# How do you find the vertex and intercepts for y = 2x^2?

Nov 14, 2015

They are all at $\left(0 , 0\right)$.

#### Explanation:

Finding the vertex:
Use the formula $\left(- \frac{b}{2 a} , f \left(- \frac{b}{2 a}\right)\right)$, given the form of the parabola $f \left(x\right) = a {x}^{2} + b x + c$. In your case, $a = 2 , b = 0$ and $c = 0$.
Here, $- \frac{b}{2 a} = - \frac{0}{2 \cdot 2} = 0$ and $f \left(- \frac{b}{2 a}\right) = f \left(0\right) = 2 {\left(0\right)}^{2} = 0$.
Thus, the vertex is located at $\left(0 , 0\right)$.

Finding the X-intercept:
Plug in $0$ for $y$.
$0 = 2 {x}^{2} \implies 0 = {x}^{2} \implies 0 = x$
Then plug in $0$ for $y$ to determine the point of the intercept.

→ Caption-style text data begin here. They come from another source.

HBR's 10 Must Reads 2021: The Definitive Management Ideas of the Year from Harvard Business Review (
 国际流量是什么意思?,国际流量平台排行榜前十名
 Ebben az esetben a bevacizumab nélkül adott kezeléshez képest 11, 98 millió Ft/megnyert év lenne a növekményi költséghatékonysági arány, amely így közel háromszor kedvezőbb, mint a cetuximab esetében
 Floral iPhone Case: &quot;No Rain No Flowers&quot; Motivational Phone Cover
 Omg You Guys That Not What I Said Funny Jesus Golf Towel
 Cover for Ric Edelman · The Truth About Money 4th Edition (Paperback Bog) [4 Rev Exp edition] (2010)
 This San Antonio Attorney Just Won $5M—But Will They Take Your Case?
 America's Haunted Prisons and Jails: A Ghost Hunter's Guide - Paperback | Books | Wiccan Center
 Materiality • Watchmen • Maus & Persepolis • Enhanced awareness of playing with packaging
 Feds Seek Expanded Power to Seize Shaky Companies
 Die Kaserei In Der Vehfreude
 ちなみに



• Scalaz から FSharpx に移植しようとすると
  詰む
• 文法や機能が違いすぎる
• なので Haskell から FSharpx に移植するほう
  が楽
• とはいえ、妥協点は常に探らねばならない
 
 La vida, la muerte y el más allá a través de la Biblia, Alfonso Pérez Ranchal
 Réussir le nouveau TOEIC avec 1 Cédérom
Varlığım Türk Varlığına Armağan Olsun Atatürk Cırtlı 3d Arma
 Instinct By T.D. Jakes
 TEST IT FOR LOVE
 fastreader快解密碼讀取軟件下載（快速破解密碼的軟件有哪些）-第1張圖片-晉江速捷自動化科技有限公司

We already know that if we plug in $0$ for either point, we will receive $0$ as our answer, so the X-intercept is $\left(0 , 0\right)$.

Finding the Y-intercept:
This is very similar to finding the X-intercept, in that we now plug in $0$ for $x$, which we already know will result in the point $\left(0 , 0\right)$.

Alternative method: Graph the parabola and look at the vertex and intercepts.